Fiction Review: Miss Benson's Beetle

I was thrilled when my neighborhood book group chose Miss Benson's Beetle by Rachel Joyce because I absolutely loved (as did the rest of the group) her earlier novels, The Unlikely Pilgrimage of Harold Fry and  The Love Song of Miss Queenie Hennessy.  This latest novel from Joyce is just as quirky and funny yet warm and thoughtful as those.

In 1950, amidst post-war rationing and rebuilding in London, spinster Margery Benson suddenly rebels from her staid life as a Home Ec teacher. For reasons she can't even explain to herself, she reaches her breaking point, abruptly leaves her job, and decides to follow her lifelong dream. Margery loves insects, especially beetles. When she was a child, her father had a book that talked about the possibly-mythical golden beetle of New Caledonia, a remote island in the Pacific. Ever since then, through devastating losses, Margery has dreamed of going to the island and finding the golden beetle and making a name for herself as an explorer entomologist. Margery launches a search for a research assistant and begins planning her expedition. Through a variety of misunderstandings and mistakes, petite Enid Pretty joins Margery on her trip, dressed in tiny high heels and a bright pink suit. The two of them make quite the odd couple, as they cross oceans and embark on the journey of a lifetime that will change them both in unforeseen ways.

As with those earlier two novels, I absolutely loved this unique story! It's just pure fun to read, filled with humor and quirkiness that made me often laugh out loud. What I most love about Joyce's novels, though, is the tenderness and warmth she shows toward her flawed but human characters. Both Margery and Enid have their own demons in their past lives that they are running from, both figuratively and in reality. Through it all, though, they pursue Margery's dream and hunt for the mysterious beetle, amid one challenge after another and a whole lot of surprise twists! The other thing I love about Joyce's novels is her thoughtful writing that makes you think in the midst of laughing. Here, toward the end of the novel, Margery muses on the true meaning of friendship:

"Being a friend meant accepting those unknowable things. It meant saying, "Look! Look how big my leg is! And look how small yours is! Look how marvelously different we are, you and I, and yet here we are, together in this strange world!" It was by placing herself side by side with Enid that Margery had finally begun to see the true outline of herself. And she knew it now: Enid was her friend."

I enjoyed every moment of Margery's and Enid's adventures together, I laughed and I cried, and when I finished the book, I hugged it to my chest. I can't wait to see what Rachel Joyce writes next!

352 pages, Doubleday

Random House Audio

Note: This post contains affiliate links. Purchases from these links provide a small commission to me (pennies per purchase), to help offset the time I spend writing for this blog, at no extra cost to you.


Visit my YouTube Channel for more bookish fun!


Listen to a sample of the audiobook here, narrated by Juliet Stevenson, and/or download it from Audible.

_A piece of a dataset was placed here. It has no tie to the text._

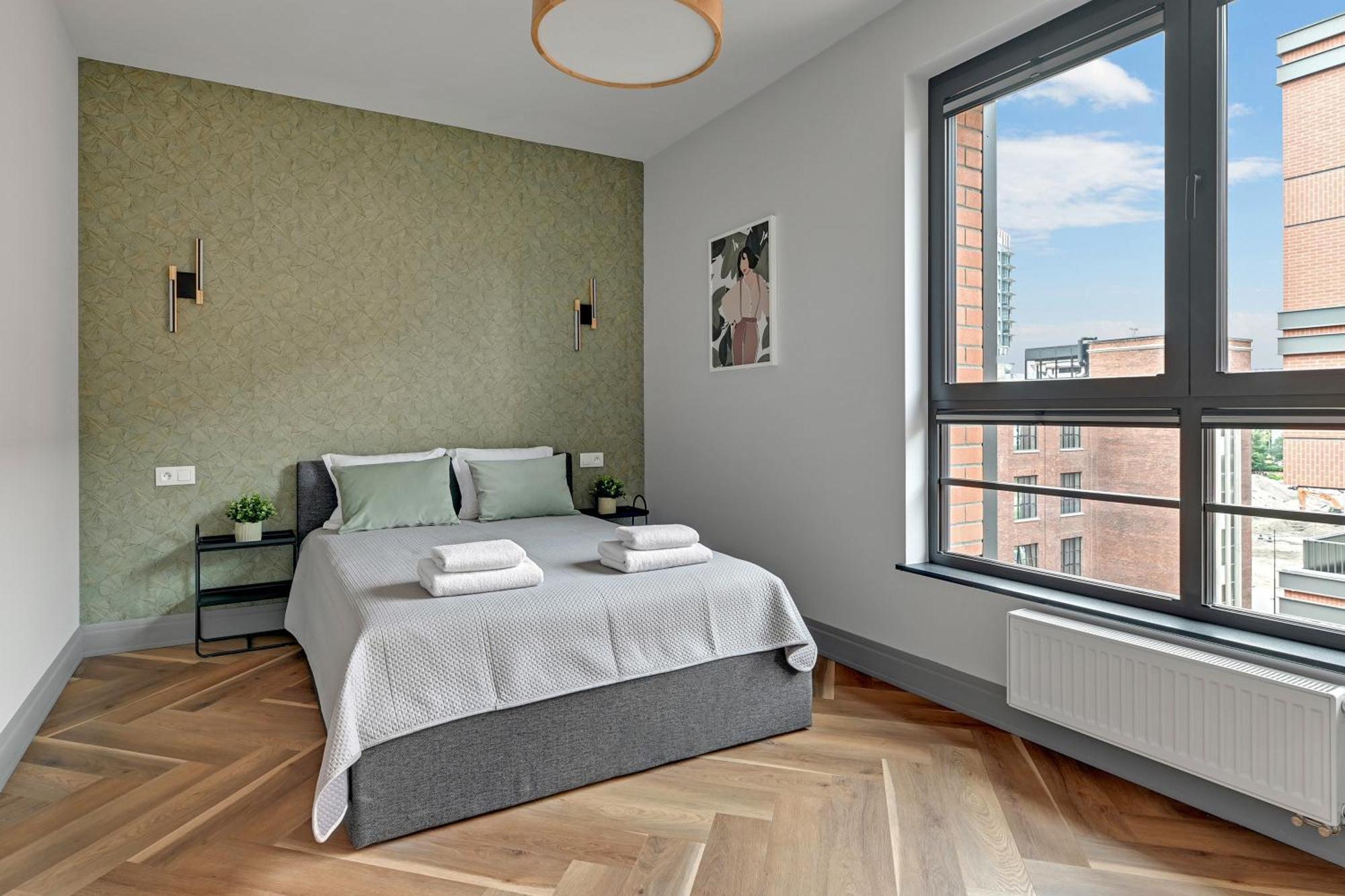 Doki Apartments By Staywin Gdańsk Kültér fotó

You can buy the book through, where your purchase will support the indie bookstore of your choice (or all indie bookstores)--the convenience of shopping online while still buying local!  

Or you can order Miss Benson's Beetle from Book Depository, with free shipping worldwide.


  1. I am so glad to finally read a review of this book. I liked, not loved, The Harold Fry novel. Which did you like better? That one or this one? It is on my TBR for no other reason than I love quirky books.

    1. Oh, interesting, Anne, because Harold Fry is still my favorite :) But if you like quirky, then you absolutely must get to know Margery and Enid!!


  2. I am so glad you liked this one so much. Thinking about it still makes me smile. I also appreciated the quirkiness of the characters and the situation. I haven't read her other books, but maybe I should.

    1. Oh, yes, definitely, Helen! I enjoyed this book, but Harold Fry is still my favorite of hers.